This venture, by Jordan Harrison, is about gender. But it shines most when it makes a case for theatre and its transformative ethos. It's 1927, and the Elks club is putting on a performance to benefit children. It has chosen a period play in which the men dress as women, and that isn't going over too well with the town's temperance ladies. The most strait-laced of all is an accordion-playing teetotaler named Dorothy (Alicia Wollerton), the wife of Miles (Christopher Goodson), the lead actor in the show. His two compatriots, True (Joe Fria) and Casper (Ryan Spahn), are eager to get started, and they finally get Dorothy's grudging assent. The construct of the play balances scenes of the actors in their Midwestern town with the exotic 18th-century French characters they play. There is some confusion for the audience with Harrison's ambitious gender swapping, as actors morph into their opposite-gender counterparts. The sincerity of the Sacred Fools ensemble in capturing the seductive draw of dramatics makes up for the preternatural leanings of the script.
The women are rounded out by Lorna (Kimberly Atkinson), a one-time movie makeup artist, and Zina (Kathleen Mary Carthy), the histrionic lesbian director.
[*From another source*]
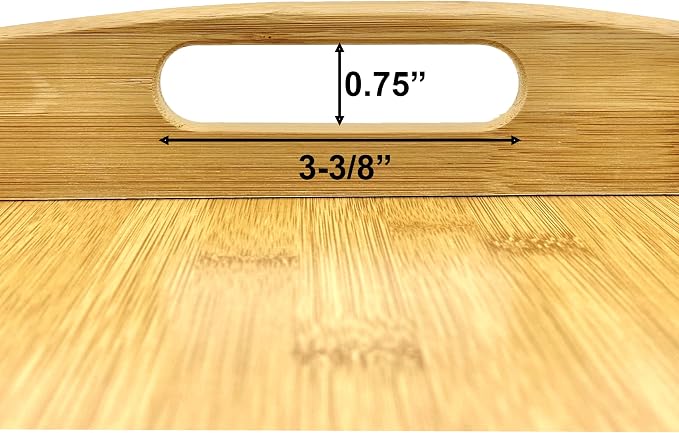 Bam & Boo Natural Bamboo Serving Tray Extra Large Rectangular with Handles for Food, Drinks, Storage, Decor, Vanity, Breakfast, Parties, Weddings, Picnics(23.6” x 15” x 2.35”, Natural)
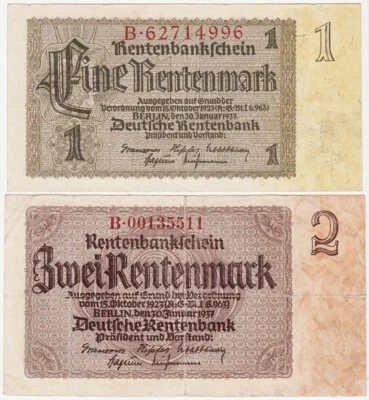 GERMANY P173 1 RENTENMARK 1937 aVF Series B & P174 2 RENTENMARK 1937 F Series B - Image 1 of 2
The interactions among all these characters in understanding the male and female in us all is intriguing and often hilarious, but the actors never lose sight of the souls of their characters. The production would be far less effective were it not for the fine acting, skillfully led by director Kiff Scholl.
Credit Jade Winters' delightful costumes and Joel Scher's fetching wigs and makeup for giving the guys inspiration. Notable is Spahn as a young man whose budding awareness of his sexuality gives him pause. Wollerton, too, is fine as a woman who confronts her inner desires and tries to reconcile them with the societal strictures of the time.